SIXTEEN

Looking at the crops and the river and the line of forest behind the parish that summer, it was hard to believe the country had now been four years at war. But the war was there, over the horizon, threatening Quebec the way so many things over the horizon had always done: not only the fighting, not the killing and the cruelty, but the enormousness of it, the way it had grown into a world industry, the new machinery and the growing madness and the altars to national gods.

In the rest of Canada no horizon held it off. In all the little towns along the double tracks that held the country together from one end to the other the war ate into everyone’s mind. People went to bed with it, and during the days it worked beside them like a shadow of themselves. They could never do enough for it. Names like Ypres, Courcelette, Lens, Vimy, Cambrai, Arras, the Somme, had become as familiar and as much a part of Canada as Fredericton, Moose Jaw, Sudbury or Prince Rupert.

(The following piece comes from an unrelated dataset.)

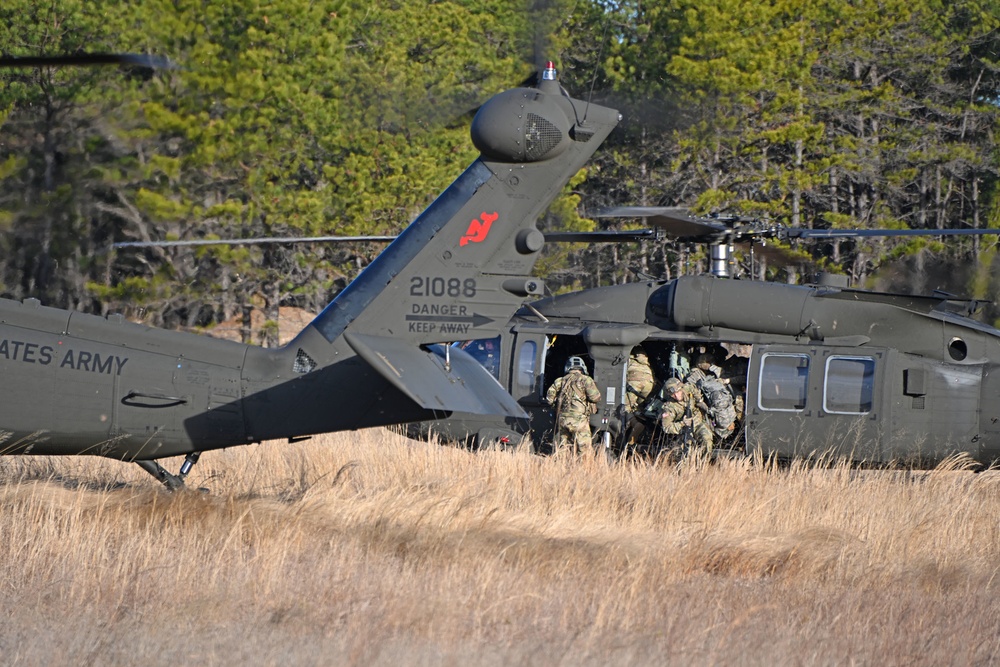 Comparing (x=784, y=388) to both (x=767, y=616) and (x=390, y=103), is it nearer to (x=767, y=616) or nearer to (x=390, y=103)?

Perhaps in Quebec the serene permanence of the river itself helped confirm the people in their sureness that their instinct was right; that the war was the product of the cities which constantly threatened their tradition, of English-American big business, factories, power dams, banks, trusts, heavy industry and the incessant jabbering noise of the outside world which bombarded their own idea of themselves, roaring that they were weak, unimportant, unprogressive, too backward to understand the magnificence of the war. And beside, there was the faith. All through the Laurentian country thousands of Sulpicians, Jesuits, Dominicans, Benedictines, Franciscans, Trappists, Servites, Carmelites, Ursulines, Little Sisters of the Assumption, Grey Nuns, lay-brothers and lay-sisters, bishops, parish priests, vicars and seminary students worked on in the unbroken tradition out of the Middle Ages and contemplated the Catholic God. Against the light of Eternity, the war seemed only a brutish interlude.

So the country brooded on through midsummer, each part bound to the others like a destiny, even in opposition forming a unity none could dissolve, the point and counterpoint of a harmony so subtle they never guessed its existence.